◆ Task prompt:
From the material below, retype exactly the lines that begin at the line with "Minotaur C, formerly" and end after the line with "Its images are"; pictures stay out of the copy.

[Material provided]

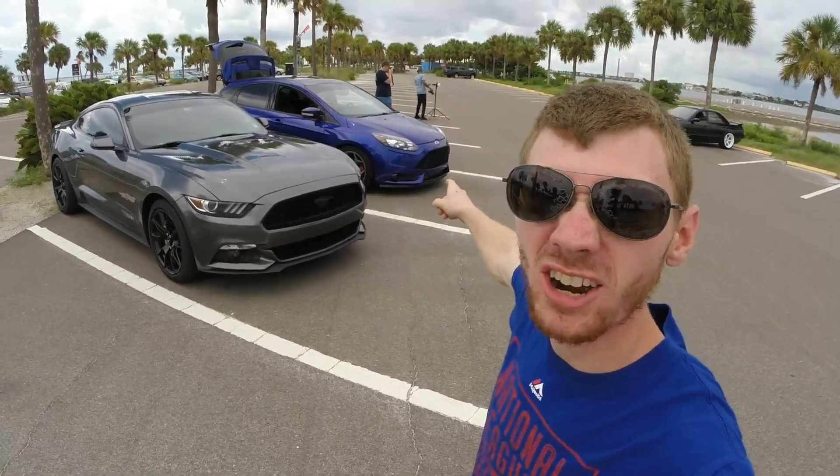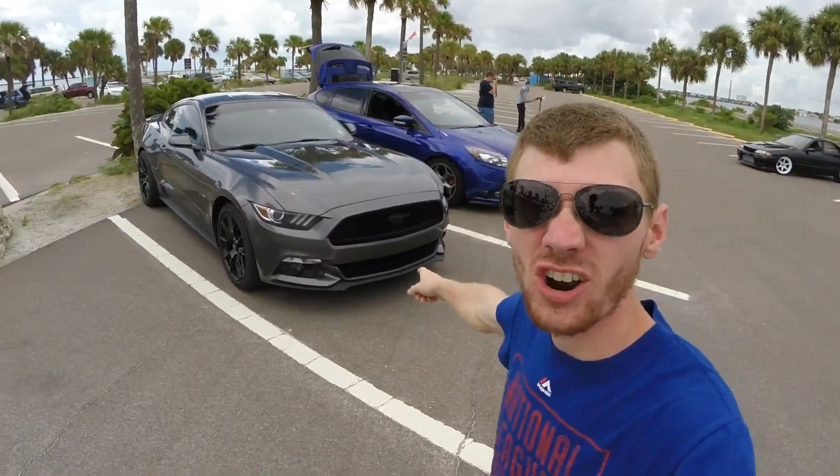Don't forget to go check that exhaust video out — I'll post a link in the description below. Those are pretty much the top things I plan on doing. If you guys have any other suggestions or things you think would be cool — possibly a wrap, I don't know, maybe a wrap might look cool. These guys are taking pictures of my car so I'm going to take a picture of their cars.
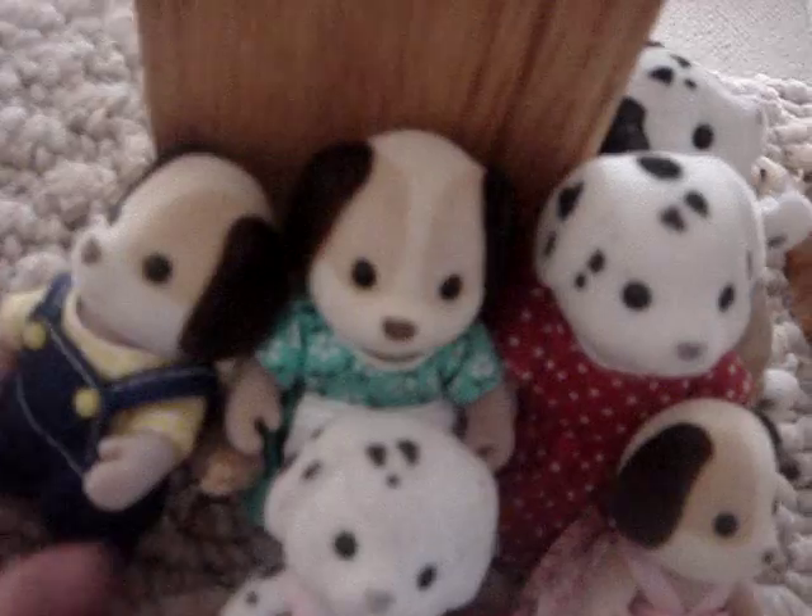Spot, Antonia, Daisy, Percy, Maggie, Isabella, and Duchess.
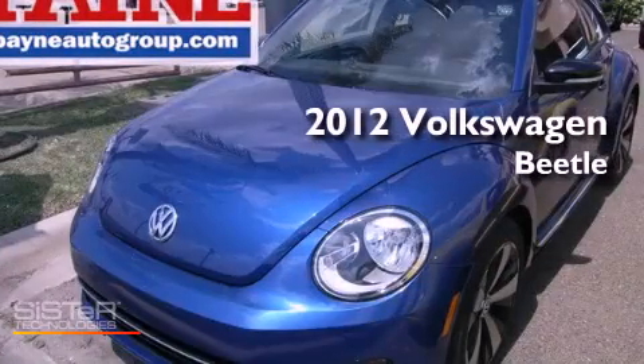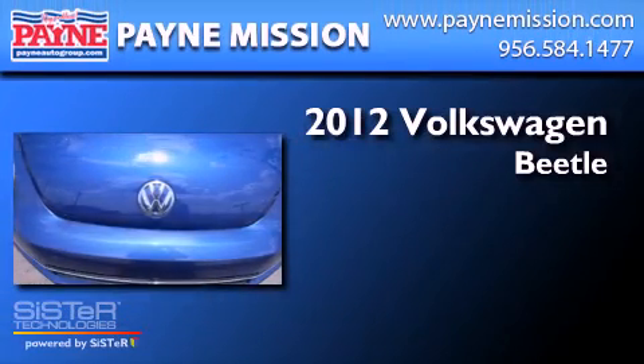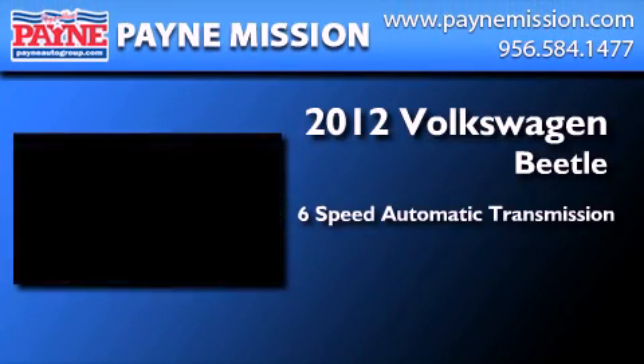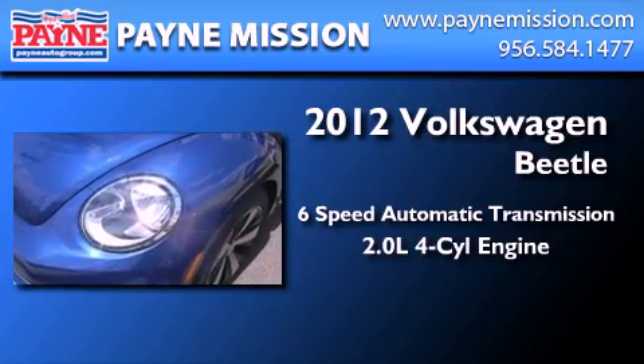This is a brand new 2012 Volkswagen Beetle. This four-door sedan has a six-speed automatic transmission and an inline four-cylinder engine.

[/Material provided]
[Material provided]

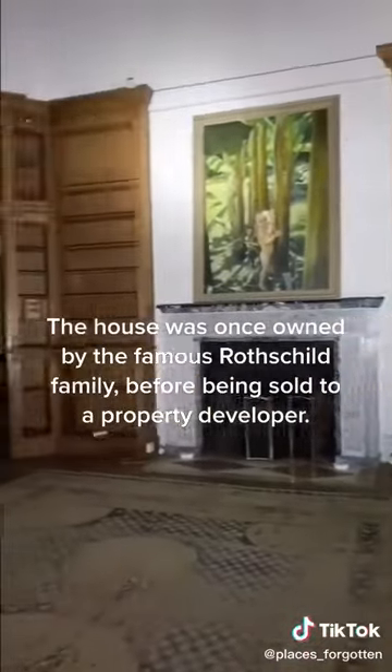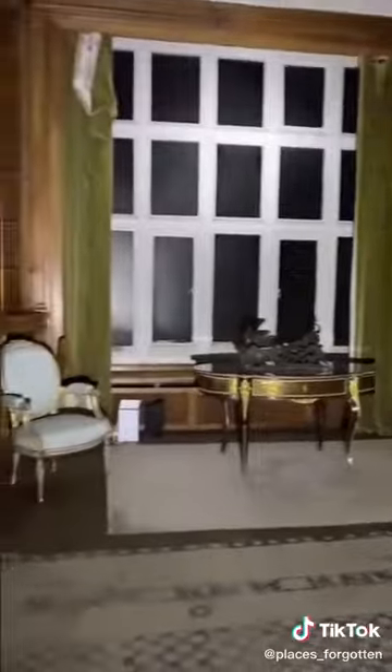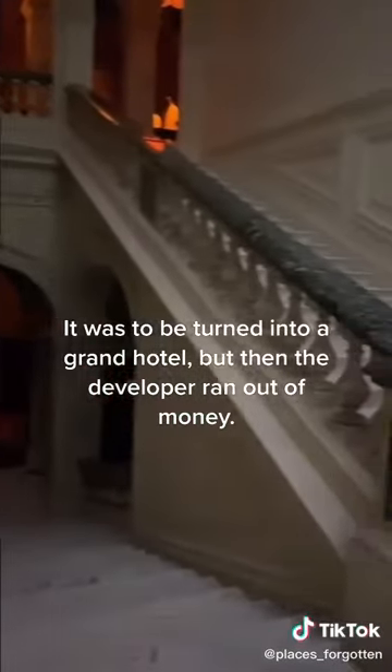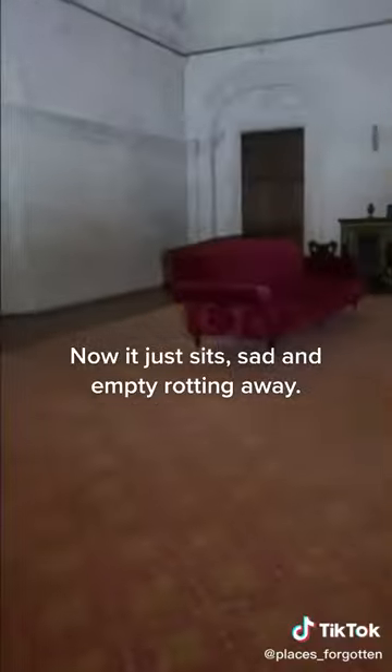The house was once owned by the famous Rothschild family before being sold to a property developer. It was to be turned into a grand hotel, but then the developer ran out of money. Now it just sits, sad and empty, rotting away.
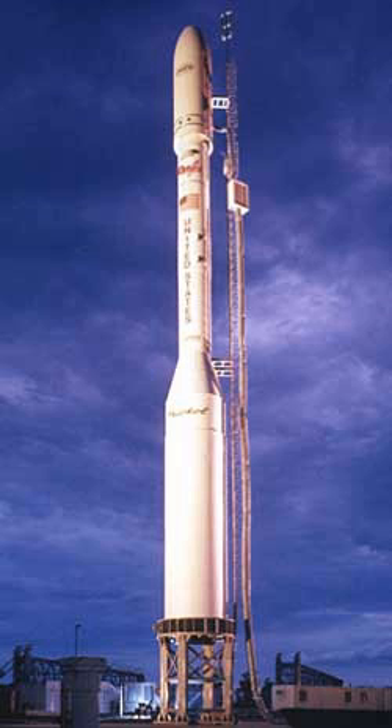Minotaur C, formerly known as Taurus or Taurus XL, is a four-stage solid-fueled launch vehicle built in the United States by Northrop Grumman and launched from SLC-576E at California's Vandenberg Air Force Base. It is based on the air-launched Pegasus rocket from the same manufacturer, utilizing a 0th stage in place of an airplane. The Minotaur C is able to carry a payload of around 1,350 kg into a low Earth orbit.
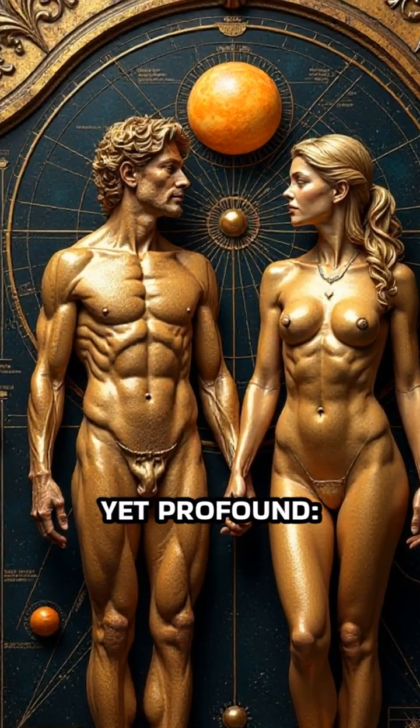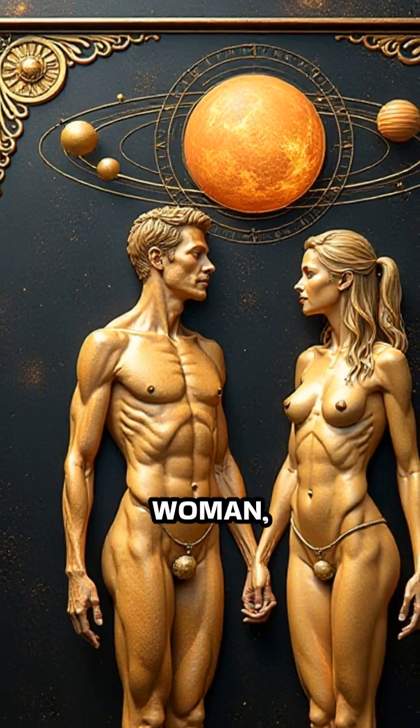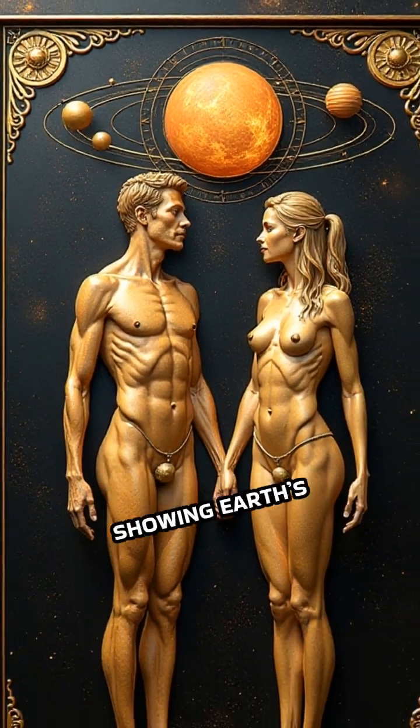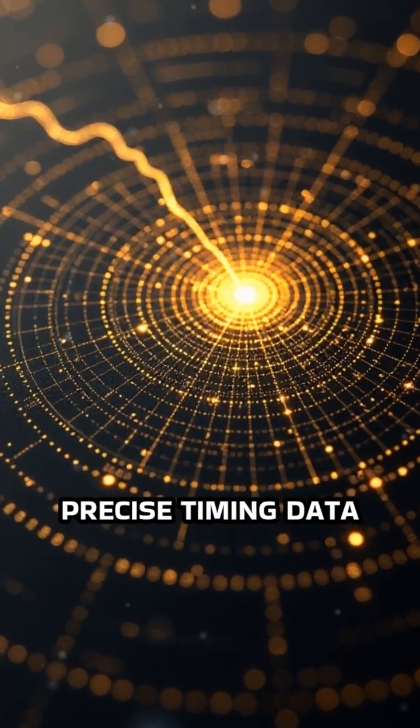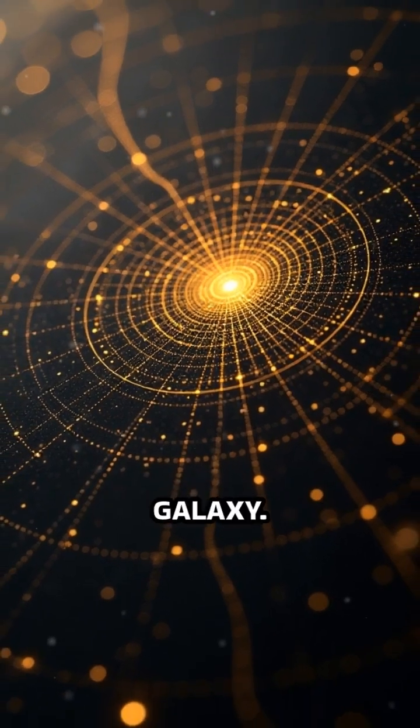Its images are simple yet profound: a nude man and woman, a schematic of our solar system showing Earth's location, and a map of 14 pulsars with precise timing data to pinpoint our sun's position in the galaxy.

[/Material provided]

◆ Exercise output:
Minotaur C, formerly known as Taurus or Taurus XL, is a four-stage solid-fueled launch vehicle built in the United States by Northrop Grumman and launched from SLC-576E at California's Vandenberg Air Force Base. It is based on the air-launched Pegasus rocket from the same manufacturer, utilizing a 0th stage in place of an airplane. The Minotaur C is able to carry a payload of around 1,350 kg into a low Earth orbit.
Its images are simple yet profound: a nude man and woman, a schematic of our solar system showing Earth's location, and a map of 14 pulsars with precise timing data to pinpoint our sun's position in the galaxy.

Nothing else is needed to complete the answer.